Era atualmente um simples técnico de juvenil, no América. Fora escorraçado nos jornais. Ninguém falava nele e só uns poucos lembravam-se de sua passagem pelo futebol. E, no entanto, raríssimos craques tiveram uma carreira tão fulgurante, embora breve, muito breve. Houve um momento em que aparecia todos os dias, no berro gráfico das manchetes. Basta dizer o seguinte: - chegou a suplantar, a barrar no escrete o grande Ademir. E numa segunda-feira, após um Brasil x Argentina, foi demais: - seu nome encheu todas as bocas como saliva. E que fizera ele para pôr assim histérica uma cidade? Apenas isto: - três ou quatro jogadas de antologia. O futebol de Maneco era realmente enfeitado, pulado, colorido como um índio de carnaval. Mas essa glória, que era alucinante, foi também muito rápida.
E, súbito, o craque começou a perceber que a multidão já lhe negava o aplauso. Se, ao menos, fosse vaiado! Mas nem isso, nem isso! Por fim, quando se falava nele, já faziam confusão: - “Maneca, do Vasco?” Não há ninguém mais desconhecido. Ninguém mais obscuro, ninguém mais anônimo do que o sujeito que foi célebre um dia. Quanto à imprensa, o rádio, à televisão, viviam esfregando na nossa cara o outro Maneco mais atual: - Didi. Por último, veio a história dos quarenta contos, que não pôde pagar. O meu confrade Carlos Renato disse bem: - numa terra em que todos devem, Maneco morreu de paixão, por uma dívida.
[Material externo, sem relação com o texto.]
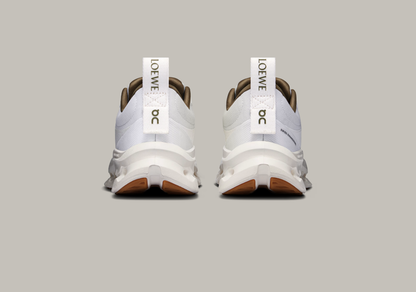 Running Cloudtilt 2 White Khaki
Cabe nesta crônica o raciocínio: - o ex-craque matou-se por causa de quarenta contos. E assim sendo todos os que, na face da terra, aqui ou alhures, dispõem de uma importância igual ou maior, estão implicados no episódio. Por outro lado é um erro considerar-se o suicídio como tal. Na verdade, ele representa algo mais: - é um assassinato. Examinemos uma relação, ainda que sumária, dos que influíram no seu desespero: - primeiro os que tinham quarenta contos ou mais; e, depois, todos nós e cada um de nós. Sim, amigos: todos os que lhe negamos o aplauso, que lhe viramos as costas, que o confundimos com o Maneco do Vasco, que o esquecemos, somos co-assassinos de Maneco”.

Cabe, também, ainda nesta crônica, outro raciocínio, para continuarmos na linha rodrigueana: Por que, então, teria se matado Mirko Saric, o jovem atacante argentino do San Lorenzo? Que fique claro: o ser humano é muito mais perguntas do que respostas.